Up to Armenian Art

Mardiros Sarian
(1880-1972)
"Life is an island. People come out of the sea, cross the island, and return to the sea. But this short life is long and beautiful. In getting to know nature man exalts the wonder and beauty of life"

Mardiros Sarian was one of the pleiad of major cultural figures of Armenia at the turn of the century. His work, in common with the literary contributions of O.Toumanian and A.Isahakian, those of T.Tormanian and A.Tamanian in architecture, and of Komitas in national music, set the standard of national art, and laid the foundations for its flowering.
Mardiros Sarian was one of those rare artists who are acclaimed in their lifetime. People were always surprised by his attitude to the fame which followed him everywhere and crowned his works. Although his last years he lived in his own house, in his own museum, he was amazingly unassuming and modest. Those who knew Sarian over the years never ceased to marvel at his unflagging spirit and his boundless and wholehearted love of life, purity of soul, modesty and kindness.
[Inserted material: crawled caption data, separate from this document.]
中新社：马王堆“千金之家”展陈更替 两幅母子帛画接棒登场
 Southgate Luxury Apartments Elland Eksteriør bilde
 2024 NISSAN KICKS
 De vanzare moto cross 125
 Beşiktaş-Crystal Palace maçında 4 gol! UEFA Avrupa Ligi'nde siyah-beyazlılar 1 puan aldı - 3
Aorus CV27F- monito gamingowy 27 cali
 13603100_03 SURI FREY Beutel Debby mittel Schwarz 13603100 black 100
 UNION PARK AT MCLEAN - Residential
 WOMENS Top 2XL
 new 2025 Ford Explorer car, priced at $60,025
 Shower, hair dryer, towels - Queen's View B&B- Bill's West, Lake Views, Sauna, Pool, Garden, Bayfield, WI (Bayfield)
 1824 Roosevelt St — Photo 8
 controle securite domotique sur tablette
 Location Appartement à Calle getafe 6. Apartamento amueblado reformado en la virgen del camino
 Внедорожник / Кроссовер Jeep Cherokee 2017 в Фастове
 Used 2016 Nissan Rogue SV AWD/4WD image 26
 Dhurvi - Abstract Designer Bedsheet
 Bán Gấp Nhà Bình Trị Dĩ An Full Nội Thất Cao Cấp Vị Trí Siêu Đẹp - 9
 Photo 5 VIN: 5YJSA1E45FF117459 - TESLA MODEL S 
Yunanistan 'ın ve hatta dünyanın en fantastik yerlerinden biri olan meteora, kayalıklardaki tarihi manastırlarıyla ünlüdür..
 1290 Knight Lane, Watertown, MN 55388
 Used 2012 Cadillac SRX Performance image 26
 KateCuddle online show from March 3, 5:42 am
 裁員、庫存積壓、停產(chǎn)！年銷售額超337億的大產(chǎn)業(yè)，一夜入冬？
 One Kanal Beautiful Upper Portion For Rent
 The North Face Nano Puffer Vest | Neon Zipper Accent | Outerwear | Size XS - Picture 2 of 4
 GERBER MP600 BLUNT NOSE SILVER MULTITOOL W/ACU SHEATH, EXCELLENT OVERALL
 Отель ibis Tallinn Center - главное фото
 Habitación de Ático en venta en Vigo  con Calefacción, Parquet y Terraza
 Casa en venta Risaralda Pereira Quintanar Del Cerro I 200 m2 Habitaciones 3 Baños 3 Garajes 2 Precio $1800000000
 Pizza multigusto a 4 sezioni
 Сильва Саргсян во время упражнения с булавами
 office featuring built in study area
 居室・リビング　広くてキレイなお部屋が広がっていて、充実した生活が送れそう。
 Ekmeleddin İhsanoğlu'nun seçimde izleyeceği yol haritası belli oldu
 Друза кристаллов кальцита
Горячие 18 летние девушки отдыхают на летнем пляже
His art fully expresses the peace of Sarian's inner world, and is in harmony with the spirit of our times. Recalling his own background, Sarian said "My ancestors had come to the banks of the river Don from the Crimea, and to the Crimea from Ani, the capital of medieval Armenia .I do not know when the artist was born in me. It was probably in those days when I used to listen to my parents' stories about our mountainous, enchanted country, when I used to run as a small boy over the land around our home, and was filled with joy at the many colors of the butterflies, flowers. Color, light and day-dreaming- those are what fired me".
Sarian first traveled to Armenia in 1901 while still a student at the Moscow School of Painting, Sculpture and Architecture, and here he saw everything he had dreamt of in his childhood. The fantastic mountainous scenery made an unforgettable impression on the young artist. Sarian's creative identity and his first original works were born of the contact of the artist's interior world with nature. He called these early works (1904-1908) "Fancies and dreams".
The Sarian's characteristic warm color scale of golden hues is enlivened by contrasting blush-green tones. Light is exploited as a basic means of expression. Sarian once said "I paint things in stronger colors than I see in them. By using sonorous colors in contrasting combinations, I try to achieve sensation of sun, of life".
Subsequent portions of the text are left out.